Helmut Kohl po przejęciu w 1982 roku władzy chciał zmniejszyć o połowę liczbę przebywających w RFN Turków ze względu na ich niezdolność do asymilacji. W swój plan kanclerz wtajemniczył brytyjską premier Margaret Thatcher - podał w czwartek "Der Spiegel".

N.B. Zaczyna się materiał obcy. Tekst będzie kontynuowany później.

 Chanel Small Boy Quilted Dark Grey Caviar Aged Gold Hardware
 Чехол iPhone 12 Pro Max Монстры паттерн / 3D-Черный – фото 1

Tajną notatkę z rozmowy Kohla z Thatcher 28 października 1982 roku odtajniły niedawno brytyjskie archiwa. Z zapisu rozmowy wynika, że Kohl za wszelką cenę chciał pozbyć się z kraju Turków. Jak tłumaczył szefowej brytyjskiego rządu, RFN nie ma problemów z integracją innych narodowości - Portugalczyków, Włochów, a nawet imigrantów z Azji Południowo-Wschodniej. Zintegrował też skutecznie 11 milionów Niemców z Europy Wschodniej. - Turcy pochodzą z innego kręgu kultury - mówił Kohl, twierdząc, że nie są zdolni do integracji. Wskazał na zmuszanie kobiet do małżeństwa i pracę na czarno - czytamy w "Spieglu".
Co drugi Turek miał wyjechać
W rozmowie z Thatcher Kohl powiedział, że co drugi Turek musi wyjechać, a pozostali muszą nauczyć się niemieckiego. Kanclerz zastrzegł, że nie może mówić publicznie o swoich planach. By zachęcić niechcianych obcokrajowców do powrotu, kanclerz planował zwrócenie im jako odprawy składek wpłaconych na ubezpieczenie społeczne. "Der Spiegel" pisze, powołując się na historyka Ulricha Herberta, że w latach 80. w RFN panowała zgoda co do tego, że Turcy są tylko gastarbeiterami i powinni po zakończeniu pracy wrócić do Turcji. Takie poglądy wyznawali nie tylko chadecy, lecz także socjaldemokraci. Poprzednik Kohla, Helmut Schmidt (SPD), powiedział w lecie 1982 roku w jednym z wywiadów: "Ani jeden Turek nie przekroczy już niemieckiej granicy". Szef urzędu kanclerskiego Hans-Juergen Wischnewski wytykał muzułmanom, że "zarzynają barany w wannie". Rząd w Bonn podpisał w 1961 roku z Turcją umowę o rekrutacji tureckich robotników. Dwanaście lat później koalicja SPD/FDP wstrzymała nabór, jednak liczba Turków rosła nadal ze względu na łączenie rodzin. W 1982 roku w RFN mieszkało ok. 1,5 miliona Turków.
Nastawienie zmienił w latach 90-tych
W 1983 roku rząd Kohla rzeczywiście przeforsował ustawę, która gwarantowała powracającym do ojczyzny Turkom odprawę w wysokości 10 500 marek niemieckich i zwrot składek na ubezpieczenie. Program zakończył się fiaskiem - z oferty skorzystało tylko 100 tys. osób. Swoje nastawienie do Turków Kohl zmienił dopiero w latach 90, umożliwiając potomkom imigrantów otrzymanie niemieckiego paszportu. W 2000 roku jego syn Peter poślubił Turczynkę.